Who was John Clements?
A question that we get asked a lot but, when you read his story below, you see why it was such an obvious choice to name the Centre after him.
John was born and brought up in Codicote and, after he left Hitchin Boys’ School in July 1971, he studied Physical Education and English at Loughborough College of Education where he was extremely successful in every aspect of his course. He left Loughborough in July 1974 and went to teach at Prior Park School with a personal report that placed him amongst the very best produced by the College.
In September 1975 he took up the post of Physical Education teacher at Sherrardswood School, Welwyn.

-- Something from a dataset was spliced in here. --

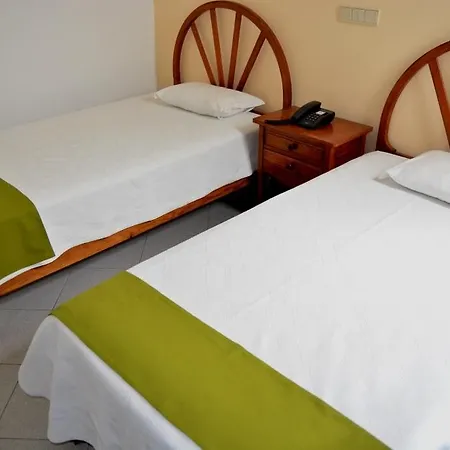 Residencial A Doca 3* Faro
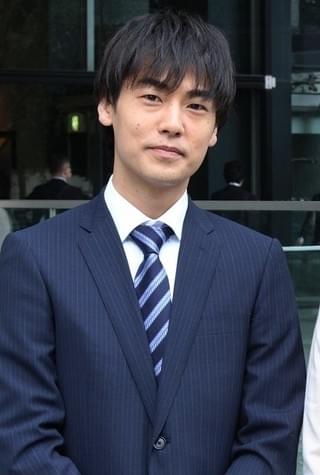 「社長室の冬」福士誠治＆南沢奈央、チラシ配り挑戦も悪戦苦闘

It was whilst here that he was one of a party of six adults and thirty-seven children who were staying at a ski-resort in Northern Italy on an eight day visit.
At about 4 a.m. on 12th April 1976, smoke was noticed and John was one of those who quickly raised the alarm and ordered the children to go down-stairs. A number of children were led to safety through dense smoke by other members of the staff who, having got out of the hotel, then helped further children to escape from a first floor balcony to the ground.
Meanwhile, John had climbed down from a third floor balcony on the West side of the building to a second floor balcony; he then reached the first floor where he organised a number of children into small groups and assisted them to escape by means of a rope he had improvised from knotted sheets. When the room was evacuated, he refused to leave the hotel and went back into the building which, in a matter of minutes, was burning fiercely.
He was seen on at least two occasions to go back into the hotel after carrying or dragging people out, and he ignored repeated attempts to restrain him, tragically leading to his becoming overcome by fumes and his eventual death. This outstanding display of gallantry and devotion to duty in circumstances of extreme danger led to his being awarded the George Cross.
John has left many memories in the village to cherish and many qualities to emulate. His honesty, integrity, courage, good humour and enthusiasm for life were there in all his actions and words for everyone to see and hear. He was often described as a really genuine person. Many people have particular memories of John and, however varied they may be, they all illustrate his wholehearted and selfless approach to life.
The high standards he held for himself were an example to all who were associated with him and he upheld them to the very last. His integrity was epitomised in his final actions when he put the safety of the pupils in his care above that of himself.
All that he achieved in his short life and the tragic way it was prematurely ended will never be forgotten. It is for this reason that this enormously admired man – who still has many of his family and friends who live in Codicote – was such a natural choice as someone to whom the new Centre should be dedicated.